Introduction
Let's assume you are developing a desktop application for managing a fitness center. The members information is, of course, to be stored in a database, so you define a "Members" table with fields such as name, birth date, telephone, and the like. But, your happiness ends when you are faced with the requirement of recording the member's photo together with the rest of the data. Then, the second most transcendental question in human history (right after the meaning of life) comes to your mind: Should I store the photo in the database for the sake of data consistency, or in the local file system for the sake of performance?
This article presents a C# class that will allow you to grab the best of two worlds.
Background
There are times when we need to store some large binary data as part of a larger, relational set of data. The debate about where this kind of data should be stored is not new. Basically, there are two alternatives, each one offering its own advantages: using a database, which offers transactional integrity and allows to tie all the data together in a consistent way; and using disk files, which can't be beaten when data retrieval speed is a must, and can indeed save a lot of network traffic.
This article presents a C# class, DatabaseFileCache
, that aims to get the best of the two approaches. The basic idea is to store the authoritative binary data in the database, and once retrieved, to cache this data in the local file system.
So, the first time a given binary object is requested by the application, it is retrieved from the database and cached in a local file. The next time the same object is requested, the cached file is returned instead, unless the object has changed since the last request. To keep track of changes, timestamp columns are used; the timestamp value is stored as part of the file name in the local cache.
How it works
To use the class, we first need a database table to store the binary objects (a "binary object" is any opaque sequence of bytes). The default name for this table is Objects ("default names" are the names used by the class unless you explicitly specify different ones), and it has the following columns:
- A string (
varchar
or similar) column to store the object name (default name is Name). - An image,
varbinary
, or similar type column to store the actual binary data of the object (default name is Value). - A timestamp column to keep track of object changes (default name is timestamp).
Some flexibility is allowed here. The value column may be of any type that ADO.NET can convert to a byte array, and the timestamp column may be of any type, provided that it automatically changes whenever the value column changes (the timestamp data type was created exactly for this purpose, by the way). Extra columns may be present in the table as long as they either allow null values, have a default value, or are automatically filled by the database engine when a new record is created.
We also need a directory in the local file system to store the cached files. The default is a directory named DatabaseCache placed under the directory specified by the DataDirectory
application domain property (yes, that's the same DataDirectory used by SQL Server 2005 Express connection strings; you can set it with the AppDomain.CurrentDomain.SetData
method). If DataDirectory
is not set, the DatabaseCache directory is assumed to be in the main application executable directory (Assembly.GetEntryAssembly().Location
is used to obtain this information).
The main operation provided by the class is to retrieve a binary object, given its name.
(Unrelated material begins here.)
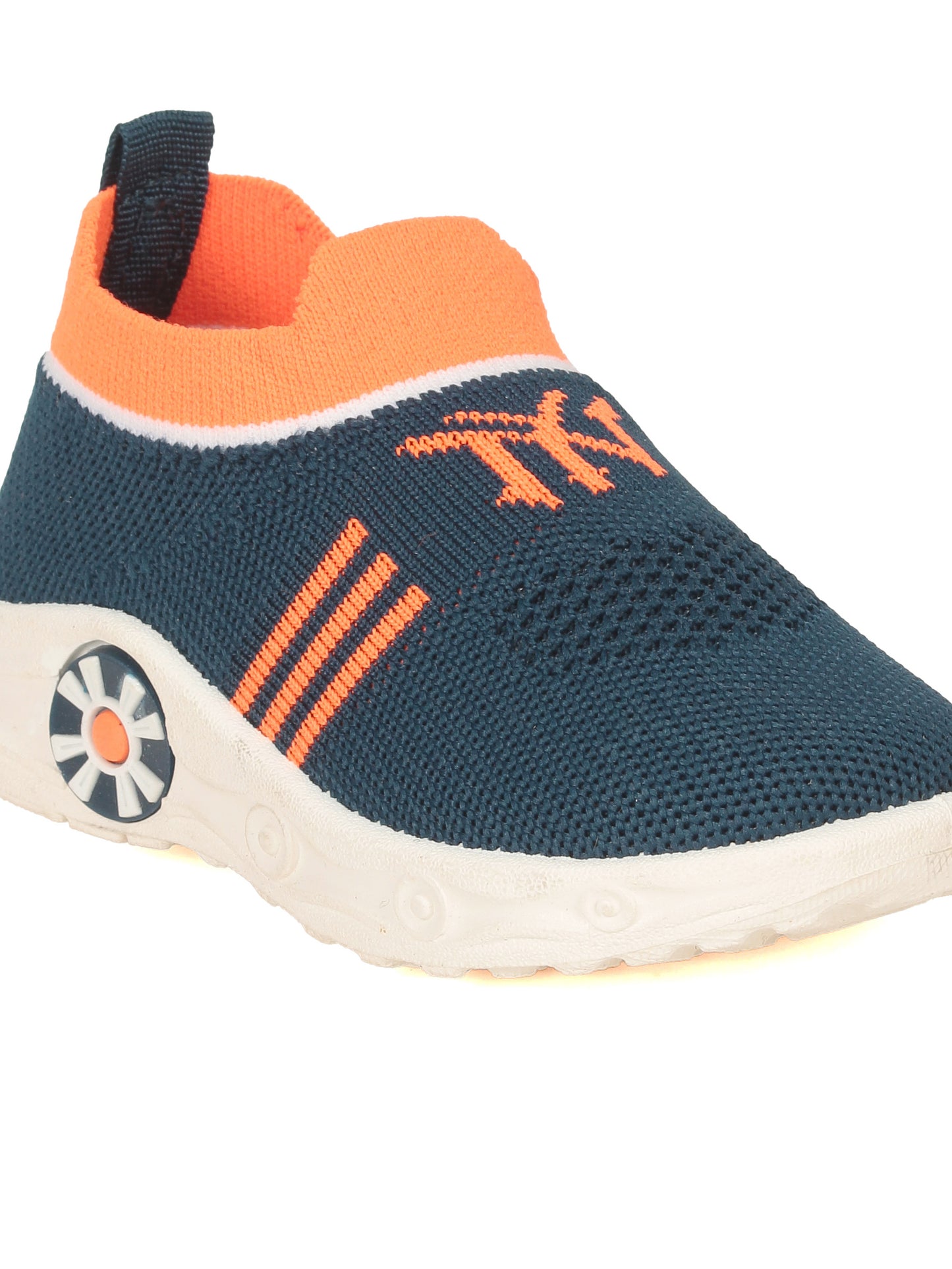 Slip On Musical Chu Chu Shoes - Blue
This is the pseudo-code algorithm for this operation:
Is there a file in the local cache with a matching name?
No
Retrieve the object from the database
If no object with such name exists in database, return NULL
Store the object in a file in the local cache
Return the cached file
Yes
Obtain the current timestamp for the object in the database
If no object with such name exists in database
Delete the cached file
Return NULL
Obtain the timestamp of the cached file
Do both timestamps match?
Yes
Return the cached file
No
Delete the cached file
Retrieve the object from the database
Store the object in a file in the local cache
Return the cached file
As you can see, the binary object is retrieved from the database only when needed; that is, when the object is requested for the first time, and when it has changed since the time it was cached; in all other cases, only the timestamp (a few bytes) is retrieved from the database, and the cached file is directly returned.
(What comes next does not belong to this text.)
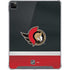 NHL Ottawa Senators Jersey iPad Cases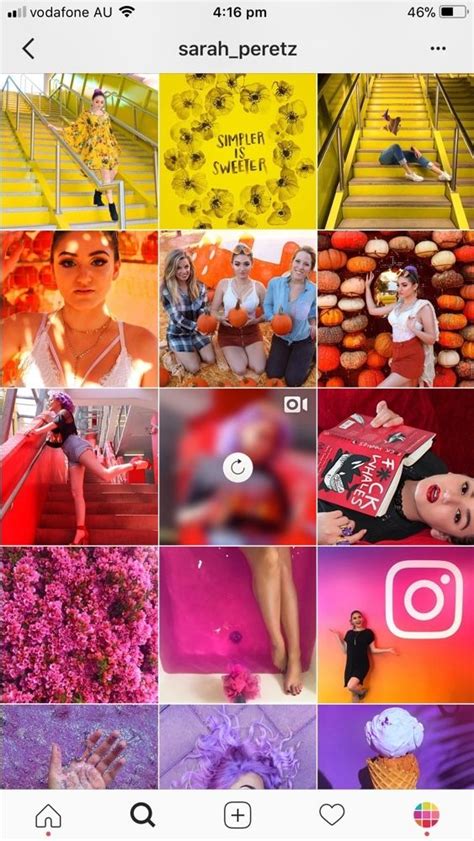 5 étapes pour un beau feed Instagram Adventures fill my soul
Note also that dummy cached files (objects that exist in the local cache but not in the database) are appropriately detected and deleted. These dummies may appear, for example, when the database is accessed by multiple users, and one of them deletes an object in the database while another user had already cached the object.
About the object names
To name your binary objects in the database, any string can be used. When storing these objects in the local file system, the file name is composed from the object name in the following way. First, characters that are not valid for a file name (such as "*" or "/") are replaced by the sequence %uuuu, where uuuu is the Unicode representation of the character in hexadecimal; the "%" character itself and the dot are replaced as well. Next, the timestamp value is converted to its hexadecimal representation, and appended to the file name as the extension.
For example, assume you are naming your object as follows:
Fast retransmit *really* increases speed in 20% over TCP/IP.pdf
Then, the cached file name would be the following, assuming a fictitious 4 byte timestamp:
Fast retransmit %002Areally%002A increases speed
in 20%0025 over TCP%002FIP%002Epdf.0045AB7F
Such encoded strings can be easily converted back to their original un-encoded versions.
Using the code
To use this code, you need to create an instance of the DatabaseFileCache
class. Each instance is associated with a given table in a given database and with a given local cache path (you can specify these parameters in the class constructor, or later via class properties). Once the instance is created, you use its methods to store objects in the database and to retrieve them using the cache mechanism explained.
To instantiate the class, you have three constructors:
- A simple one which admits a single parameter: the connection object for the database. All other parameters (database table and column names, and the local cache location) are set to their default values.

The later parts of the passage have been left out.